Apparent memory leak after a few days of heavy indexing

I have a two node cluster. Each node runs with a heap size 16GB. The nodes
run on their own boxes and have plenty of CPU to themselves. Currently, the
cluster's only workload is indexing at pretty high volume. We are indexing
using the bulk index API, and are sending about 10 batches of 400 documents
per second. We're using the Java client, specifically TransportClient.

Things work well for a little while (1-2 days), but eventually, the cluster
falls over -- see the heap usage chart from Graphite. This is for just one
host, but the memory behavior is identical across the two nodes.

[image: Inline image 1]

This looks like a memory leak to me. Logs don't reveal anything out of the
ordinary happened when heap usage started increasing linearly. A few common
sources of memory issues that I've already ruled out:

  • The cache. Since the workload is basically entirely indexing, the
    filter and field caches shouldn't even come into play here. Either way,
    both are configured to be limited in size, so this can't be it.
  • "Not enough heap" -- I can reproduce this no matter how much heap
    space I give my nodes.

Anyone seen this before, or any ideas as to what my issue might be here?
I've turned on TRACE logging for Lucene merges, but I don't think I'll get
any good data out of that until my cluster crashes again.

Rafe

--
You received this message because you are subscribed to the Google Groups "elasticsearch" group.
To unsubscribe from this group and stop receiving emails from it, send an email to elasticsearch+unsubscribe@googlegroups.com.
For more options, visit https://groups.google.com/groups/opt_out.

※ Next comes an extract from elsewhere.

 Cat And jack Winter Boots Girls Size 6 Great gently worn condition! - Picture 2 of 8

You don't tell us the ES version and the JVM heap memory you have
configured, so I assume standard settings? (Image is not viewable).

I recommend increasing the heap, and also the following settings for
smoother indexing (less peak resource intensive)

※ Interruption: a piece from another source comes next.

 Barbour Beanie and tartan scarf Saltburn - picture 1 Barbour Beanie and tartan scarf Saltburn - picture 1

index.merge.policy.max_merged_segment: 2g
index.merge.policy.segments_per_tier: 24
index.merge.policy.max_merge_at_once: 8

And for better fail safety, consider a 3 node cluster.

Jörg

Am 18.07.13 01:57, schrieb rafe@squareup.com:

I have a two node cluster. Each node runs with a heap size 16GB. The
nodes run on their own boxes and have plenty of CPU to themselves.
Currently, the cluster's only workload is indexing at pretty high
volume. We are indexing using the bulk index API, and are sending
about 10 batches of 400 documents per second. We're using the Java
client, specifically TransportClient.

--
You received this message because you are subscribed to the Google Groups "elasticsearch" group.
To unsubscribe from this group and stop receiving emails from it, send an email to elasticsearch+unsubscribe@googlegroups.com.
For more options, visit https://groups.google.com/groups/opt_out.

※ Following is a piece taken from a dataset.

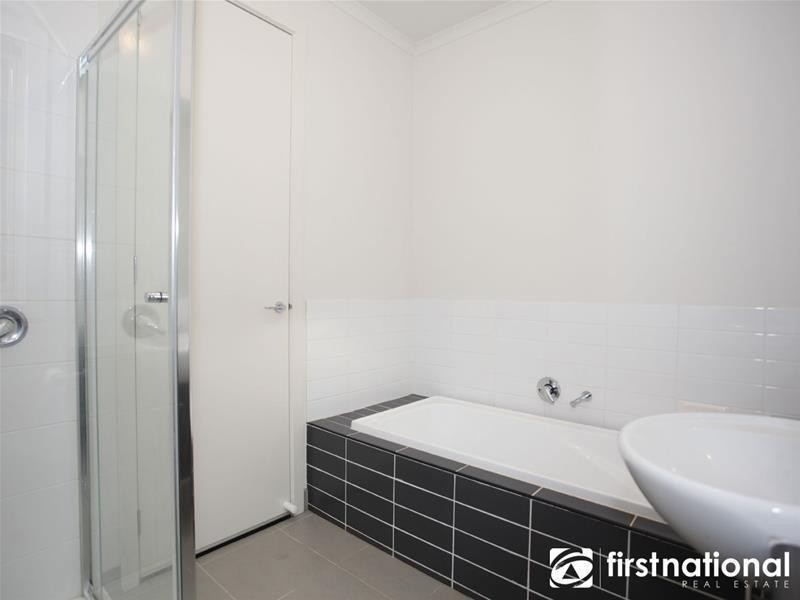 30 Edgeware Close, Pakenham VIC 3810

Can you open an issue and share an example so we can recreate it and try
and chase it up?

On Thu, Jul 18, 2013 at 1:57 AM, rafe@squareup.com wrote:

I have a two node cluster. Each node runs with a heap size 16GB. The nodes
run on their own boxes and have plenty of CPU to themselves. Currently, the
cluster's only workload is indexing at pretty high volume. We are indexing
using the bulk index API, and are sending about 10 batches of 400 documents
per second. We're using the Java client, specifically TransportClient.

Things work well for a little while (1-2 days), but eventually, the
cluster falls over -- see the heap usage chart from Graphite. This is for
just one host, but the memory behavior is identical across the two nodes.

[image: Inline image 1]

This looks like a memory leak to me. Logs don't reveal anything out of the
ordinary happened when heap usage started increasing linearly. A few common
sources of memory issues that I've already ruled out:

  • The cache. Since the workload is basically entirely indexing, the
    filter and field caches shouldn't even come into play here. Either way,
    both are configured to be limited in size, so this can't be it.
  • "Not enough heap" -- I can reproduce this no matter how much heap
    space I give my nodes.

Anyone seen this before, or any ideas as to what my issue might be here?
I've turned on TRACE logging for Lucene merges, but I don't think I'll get
any good data out of that until my cluster crashes again.

Rafe

--
You received this message because you are subscribed to the Google Groups
"elasticsearch" group.
To unsubscribe from this group and stop receiving emails from it, send an
email to elasticsearch+unsubscribe@googlegroups.com.
For more options, visit https://groups.google.com/groups/opt_out.

--
You received this message because you are subscribed to the Google Groups "elasticsearch" group.
To unsubscribe from this group and stop receiving emails from it, send an email to elasticsearch+unsubscribe@googlegroups.com.
For more options, visit https://groups.google.com/groups/opt_out.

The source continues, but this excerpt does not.